And there was art, bright paints flung onto a piece of plywood in the sunlight. I watched a group of those kids one afternoon, giggling with each other, then quieting down as they swirled paints with their fingers and found some place of focused concentration.
Lucy’s going to miss this space.

More, she’s going to miss this woman, this incredible woman of true compassion. She is one of the best teachers I’ve ever met.
When Danny and I went to observe her teach a small group of students, when we were considering the school for Lu, we sat on the edge of the couch, almost moved to tears. We watched as she went up to two children, having a normal tug-of-war over a toy, and gently lay her hand on each shoulder. “Gregory,” she said, “What is Fin’s body telling you about how he’s feeling right now?“
The boy tugging hardest relaxed his hand. “He’s sad.“
“Yes,” she said. “He is sad. How would you feel if he was treating you this way? Could you let him play with the toy for 2 more minutes? And then he can give it to you.“
The antagonism disappeared into the cool air.
Danny and I have been emulating that conversation with Lu ever since.
It’s astonishing to me now, to think how much Lucy knows at 4. Much of what she has learned from the world has came through the gentle voice of this woman.

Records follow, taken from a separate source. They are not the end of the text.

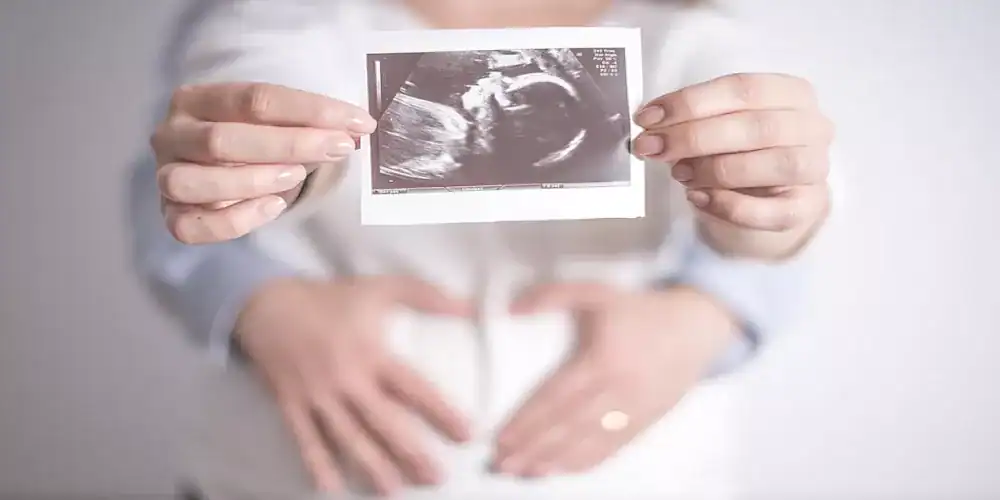 أسباب توقف نبض الجنين في أشهر الحمل الأولى وأهم أعراضه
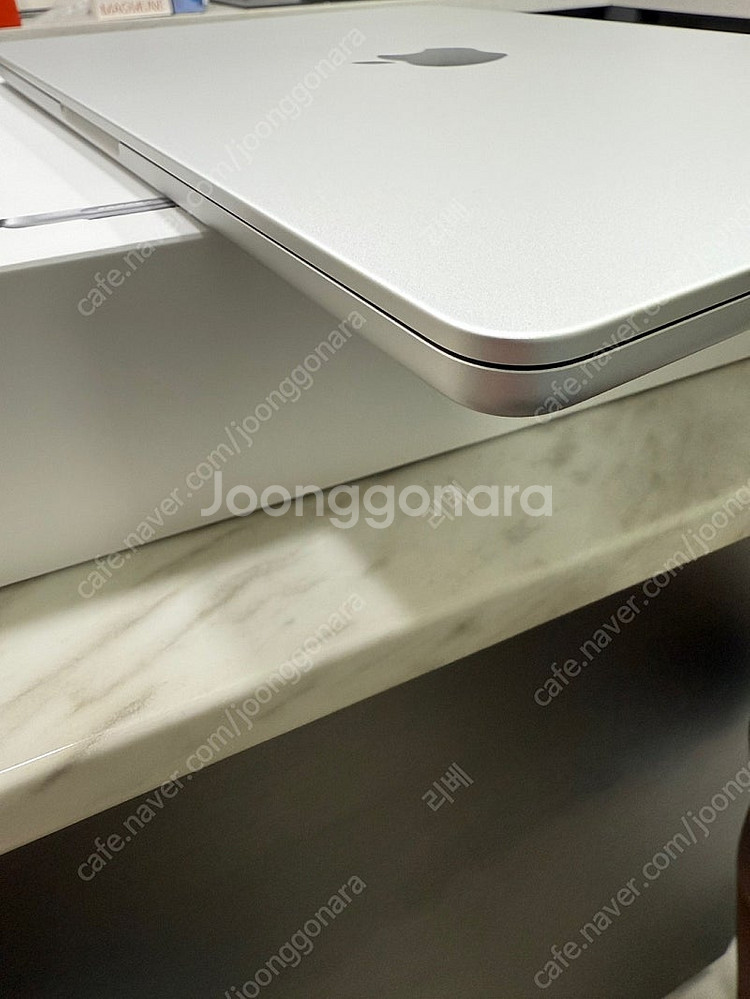 애플 맥북 에어 M2 13인치 / 8GB 램 / 256GB SSD, 실버색상--7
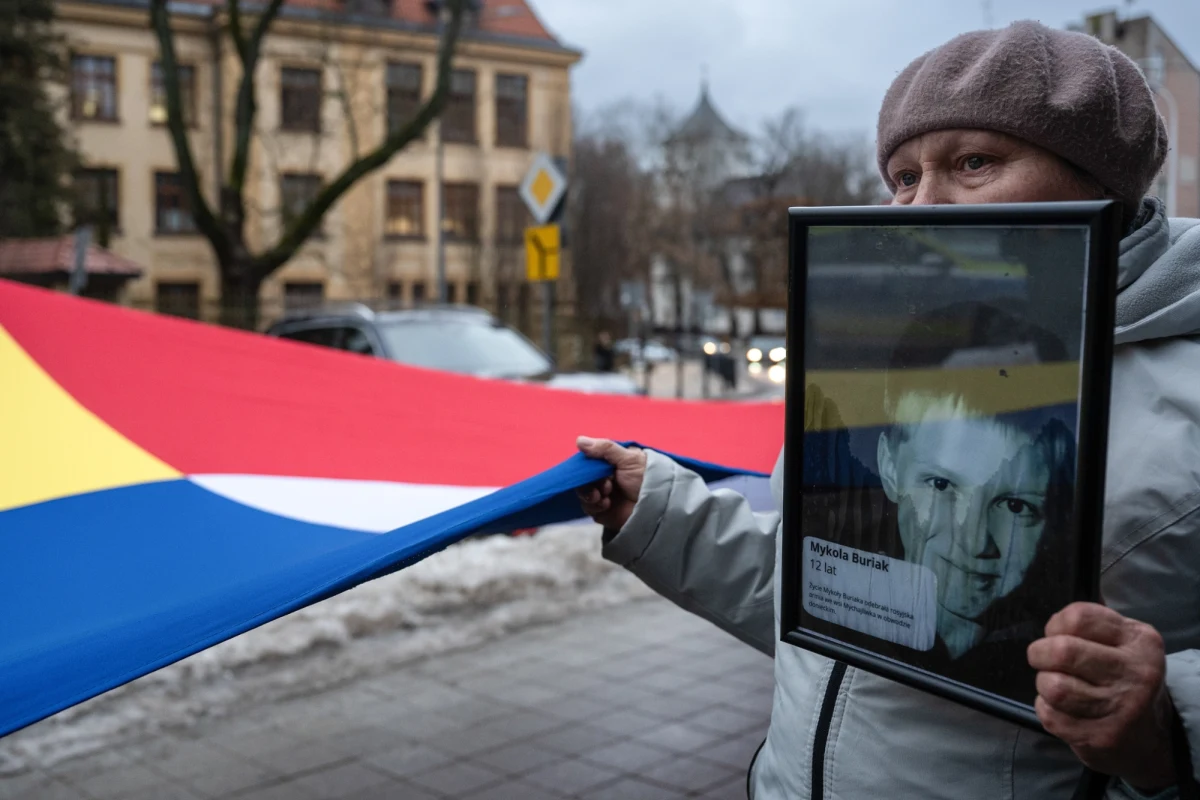 ​W wielu miastach Polski manifestowano dzisiaj solidarność z Ukraińcami, których kraj cztery lata temu został napadnięty przez Rosję. W Krakowie na Skwerze Wolnej Ukrainy demonstrowało kilkaset osób. W Lublinie na znak współpracy i solidarności rozwinięto 20-metrową flagę złożoną z połączonych ze sobą flag Polski i Ukrainy. W Gdańsku podpisano Deklarację Mariupolską. W Warszawie radni mazowieccy zdecydowali we wtorek o przeznaczeniu 3 mln zł na wsparcie dla mieszkańców obwodów kijowskiego i winnickiego.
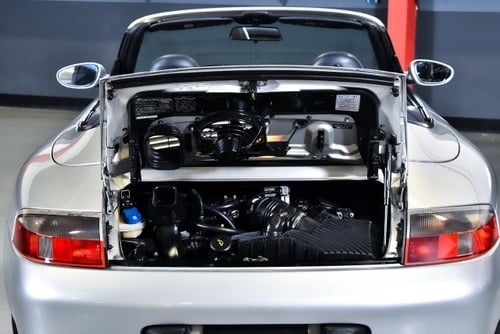 2000 Porsche 996 (911) Carrera Convertible 3,4L à venda (imagem 80 de 83)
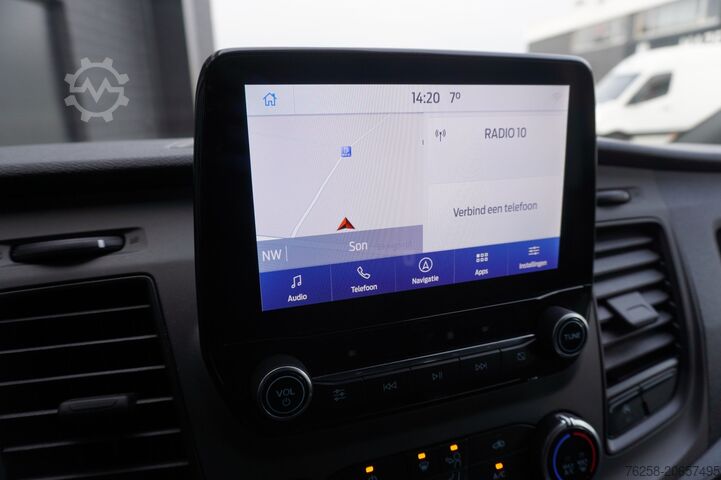 Tovornjak z zabojnikom Ford Transit Custom 2.0 TDCI L2 EURO 6 - Airco - Nav...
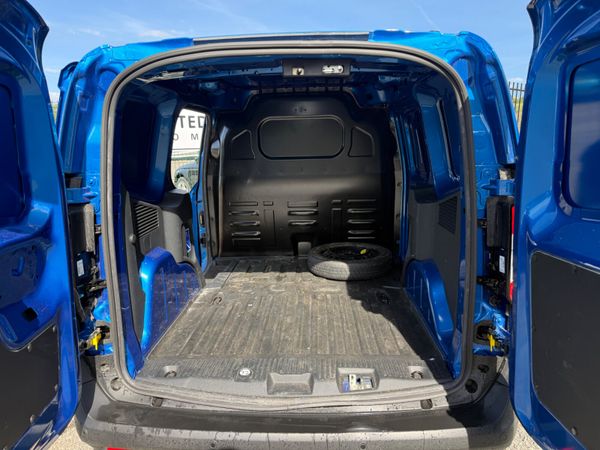 Ford Courier 2025 388827593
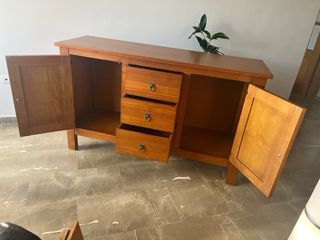 Aparador de madera con cajones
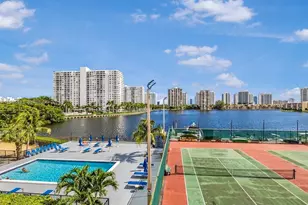 2780 NE 183rd St, Aventura, FL 33160 - Photo 5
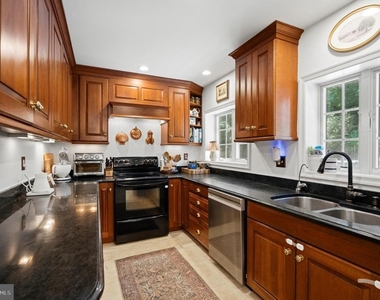5201 Brookeway Drive - Photo Thumbnail 27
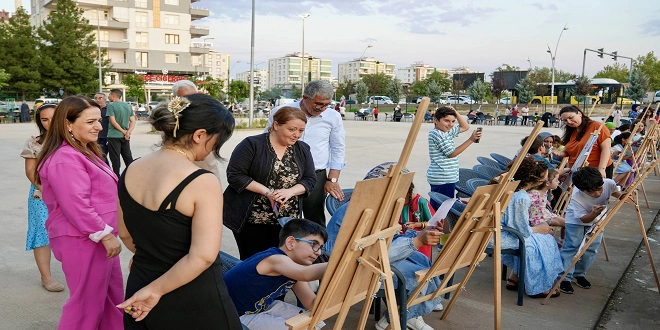 Çocuklar ve anneleri birlikte resim yaptı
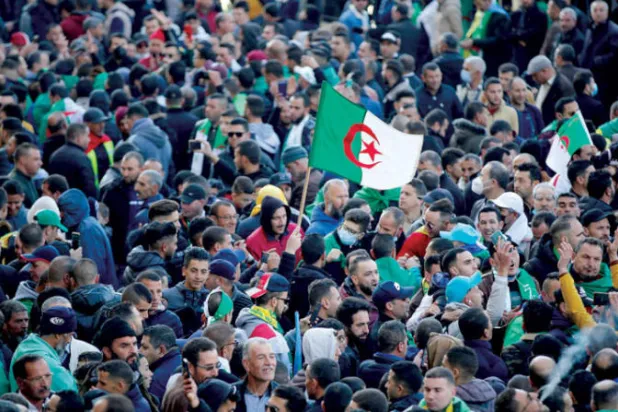 مظاهرات حاشدة في شرق الجزائر للمطالبة بـ«رحيل النظام»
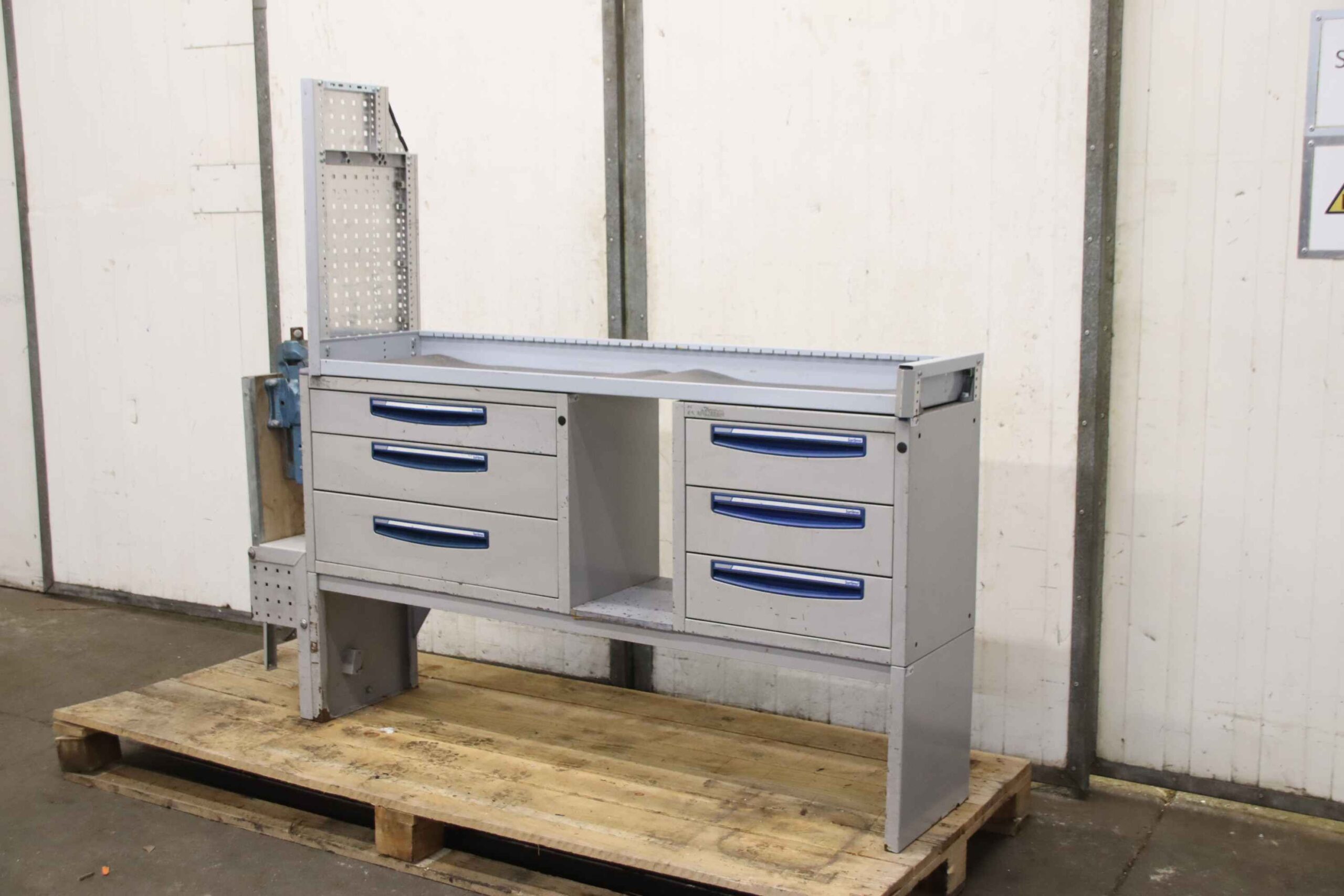 Fahrzeugregal von Sortimo - mit Schraubstock / 6 Schubladen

And from these two children.
These are two of Lucy’s dearest friends. They have been walking through the woods, jumping on trampolines, playing dress-up, and running full tilt together since they had just learned to walk.

That’s one of the reasons we live where we do. Kids grow up together. They know each other. Barring anything unforeseen, these three will go through every grade together until they graduate.
Lucy’s teacher? She’s married to an incredible man whom I taught when he was a junior in high school. Life keeps doubling back on itself on this lovely island. I can’t wait to see these kids as juniors in high school.
(When they are 16 and going to high school together? I’ll ask them to duplicate this photograph.)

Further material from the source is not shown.